Summary: | 碩士 === 銘傳大學 === 資訊管理學系碩士班 === 106 === With the advent of the age of big data, how to analyze and mine data has become an important topic today. Text mining is an important part of data analysis that focuses on the analysis of text data. It can help people get the information in the text more quickly and effectively.
As an important branch of text mining, text classification is mainly the process of assigning texts to a specific category by using an algorithm in a given classification system. It is widely used in the application of rapid classification of press and publication products, web page classification, personalized news wisdom recommendation, spam filtering, user analysis, etc. The general Chinese text classification will be divided into several steps such as text preprocessing, feature selection and building a word vector matrix, constructing the classifier and testing, and classifier performance evaluation.
Faced with the feature word set after the text is preprocessed, we often need to use feature selection to reduce the dimension of the feature word set to avoid problems such as inefficiency and ‘dimensional disaster’. And a good feature selection method will affect the subsequent classification effect directly. Therefore, the improvement of existing feature selection methods deserves further study and discussion.

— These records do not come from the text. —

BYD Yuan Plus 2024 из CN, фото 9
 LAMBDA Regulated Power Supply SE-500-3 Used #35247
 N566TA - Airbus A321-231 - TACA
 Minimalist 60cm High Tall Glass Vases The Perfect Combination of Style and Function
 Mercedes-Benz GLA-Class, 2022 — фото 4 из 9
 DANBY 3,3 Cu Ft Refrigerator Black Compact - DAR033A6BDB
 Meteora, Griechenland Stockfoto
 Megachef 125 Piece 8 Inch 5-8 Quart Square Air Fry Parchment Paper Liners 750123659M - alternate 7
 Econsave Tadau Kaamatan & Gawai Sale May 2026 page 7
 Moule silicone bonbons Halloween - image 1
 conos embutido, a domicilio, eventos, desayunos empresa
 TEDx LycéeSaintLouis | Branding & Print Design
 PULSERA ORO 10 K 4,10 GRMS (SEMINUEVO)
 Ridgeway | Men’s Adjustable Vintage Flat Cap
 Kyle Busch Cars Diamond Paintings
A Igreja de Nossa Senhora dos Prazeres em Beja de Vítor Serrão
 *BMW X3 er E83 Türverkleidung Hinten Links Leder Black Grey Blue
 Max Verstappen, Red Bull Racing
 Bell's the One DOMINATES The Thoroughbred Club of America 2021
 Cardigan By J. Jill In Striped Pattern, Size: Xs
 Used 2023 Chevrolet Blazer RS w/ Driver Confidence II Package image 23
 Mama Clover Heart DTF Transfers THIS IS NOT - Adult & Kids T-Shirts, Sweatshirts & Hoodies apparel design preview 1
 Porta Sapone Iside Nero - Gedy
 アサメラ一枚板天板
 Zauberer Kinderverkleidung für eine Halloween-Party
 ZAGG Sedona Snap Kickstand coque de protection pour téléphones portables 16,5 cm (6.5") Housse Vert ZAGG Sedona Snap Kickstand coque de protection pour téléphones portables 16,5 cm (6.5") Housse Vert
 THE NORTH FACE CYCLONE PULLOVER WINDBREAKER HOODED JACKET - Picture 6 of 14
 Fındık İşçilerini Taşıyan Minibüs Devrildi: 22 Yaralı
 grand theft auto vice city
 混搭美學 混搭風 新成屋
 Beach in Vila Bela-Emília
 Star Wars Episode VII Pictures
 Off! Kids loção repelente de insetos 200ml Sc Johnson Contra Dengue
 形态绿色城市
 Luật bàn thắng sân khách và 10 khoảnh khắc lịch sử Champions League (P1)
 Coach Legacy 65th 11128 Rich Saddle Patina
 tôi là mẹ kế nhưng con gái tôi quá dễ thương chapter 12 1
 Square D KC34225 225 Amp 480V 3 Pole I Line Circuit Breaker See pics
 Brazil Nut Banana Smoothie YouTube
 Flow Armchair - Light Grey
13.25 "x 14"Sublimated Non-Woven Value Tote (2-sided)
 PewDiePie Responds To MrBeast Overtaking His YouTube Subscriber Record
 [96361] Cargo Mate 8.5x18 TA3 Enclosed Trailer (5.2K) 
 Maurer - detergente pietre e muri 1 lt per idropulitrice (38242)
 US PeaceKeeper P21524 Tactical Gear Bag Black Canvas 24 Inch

For this reason, this paper focuses on the shortcomings of feature selection by introducing the importance of term location, the term frequency of inter-category relationship, the term frequency of intra-class relationship, the degree of inter-class concentration, and the degree of intra-class dispersion. The Chi-square and the cross-entropy are improved, and a Chinese text classification algorithm based on multiple factors is proposed.
The improved method of the present study is better than other methods in comparing F1 values of category items. It is more stable than other methods in classifying unbalanced documents. Whether it is a balanced document dataset or an unbalanced document dataset, our feature selection method proposed in this study does have a significant improvement over traditional methods and other methods.
|